Recent studies show routine follow-up HCT in many patients are not predictive of the need for neurosurgical intervention and this practice should be reserved for patients who demonstrate deterioration of neurologic exam.[6–9] Retrospective studies by Joseph et al have concluded that minor TIH patients have low risk of requiring neurosurgical intervention and, therefore, can be managed without neurosurgical consultation.[10,11] Multiple studies have examined the necessity of ICU admission for minor TIH. Patients with isolated traumatic subarachnoid hemorrhage have low rates of clinical and radiographic deterioration.[12–14] Other studies have suggested that patients with minor TIH largely do not receive critical care interventions and, therefore, do not benefit from ICU admission.[15,16] These are retrospective analyses with no universal definition of minor TIH. Hence, the question has come up about using ED observation units (EDOU) to monitor patients with minor TIH.[14,17]

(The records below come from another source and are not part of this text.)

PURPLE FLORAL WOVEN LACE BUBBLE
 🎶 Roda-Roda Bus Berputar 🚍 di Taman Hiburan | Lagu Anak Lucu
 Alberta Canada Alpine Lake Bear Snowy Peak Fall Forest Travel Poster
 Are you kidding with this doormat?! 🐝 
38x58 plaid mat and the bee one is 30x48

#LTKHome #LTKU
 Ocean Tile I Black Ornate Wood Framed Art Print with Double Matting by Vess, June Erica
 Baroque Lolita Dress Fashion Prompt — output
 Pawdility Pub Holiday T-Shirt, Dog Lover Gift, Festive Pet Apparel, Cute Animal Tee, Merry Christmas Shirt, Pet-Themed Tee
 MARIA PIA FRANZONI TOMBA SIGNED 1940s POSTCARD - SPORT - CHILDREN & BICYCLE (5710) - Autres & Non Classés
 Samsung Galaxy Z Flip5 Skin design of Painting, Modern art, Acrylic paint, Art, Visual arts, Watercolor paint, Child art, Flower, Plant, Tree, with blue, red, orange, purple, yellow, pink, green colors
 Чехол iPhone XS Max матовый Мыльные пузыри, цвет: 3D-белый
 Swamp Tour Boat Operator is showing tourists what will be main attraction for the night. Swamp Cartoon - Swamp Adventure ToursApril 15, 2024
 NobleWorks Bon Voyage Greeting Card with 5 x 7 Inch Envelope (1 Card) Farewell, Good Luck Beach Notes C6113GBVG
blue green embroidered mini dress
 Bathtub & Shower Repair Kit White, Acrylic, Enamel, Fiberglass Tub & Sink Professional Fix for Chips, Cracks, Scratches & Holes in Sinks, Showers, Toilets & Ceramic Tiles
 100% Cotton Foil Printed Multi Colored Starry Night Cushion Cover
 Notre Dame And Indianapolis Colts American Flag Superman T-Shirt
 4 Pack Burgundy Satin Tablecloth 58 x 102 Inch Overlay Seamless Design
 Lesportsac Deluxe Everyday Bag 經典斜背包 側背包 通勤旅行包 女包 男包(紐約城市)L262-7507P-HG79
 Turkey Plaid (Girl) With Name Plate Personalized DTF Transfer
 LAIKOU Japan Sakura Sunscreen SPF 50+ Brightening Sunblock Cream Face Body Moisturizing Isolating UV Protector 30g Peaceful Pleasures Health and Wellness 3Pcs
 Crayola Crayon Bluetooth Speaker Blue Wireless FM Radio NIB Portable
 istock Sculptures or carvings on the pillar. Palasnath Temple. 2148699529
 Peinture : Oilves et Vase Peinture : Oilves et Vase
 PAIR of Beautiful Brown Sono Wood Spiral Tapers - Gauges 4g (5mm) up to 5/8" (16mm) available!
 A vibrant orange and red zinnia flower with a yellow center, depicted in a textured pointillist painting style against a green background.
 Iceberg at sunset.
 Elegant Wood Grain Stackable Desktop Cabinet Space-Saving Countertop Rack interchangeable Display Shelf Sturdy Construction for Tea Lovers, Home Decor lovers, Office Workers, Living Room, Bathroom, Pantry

In their 2015 validation of the Brian Injury Guideline (BIG) protocol, Joseph et al recommended up to 24-hour observation for patients with minor TIH without repeat HCT or neurosurgical consultation.[18] Minor TIH fits with other conditions commonly managed in the EDOU setting, as it is a single condition and patients can be managed in under 24 hours.[19] This allows the visits to be more focused, which leads to decreased length of stay (LOS) and decreased healthcare costs.[20–27] Randomized controlled trials (RCT) that have compared EDOU and inpatient care for conditions such as chest pain, asthma, atrial fibrillation, and transient ischemic attack have found EDOU care to be more efficient and cost effective.[28–36] Yun and colleagues have looked at managing patients with TIH in an EDOU setting where they performed a retrospective analysis of TIH patients before and after an EDOU protocol was implemented.[37] They reported that use of the protocol was associated with decreased need for admission and lower likelihood of worsening TIH on repeat CT. There was no difference in LOS in EDOU patients pre-protocol and during the protocol.

This study evaluates the outcomes of patients managed in the EDOU using an mTBI protocol based on BIG criteria.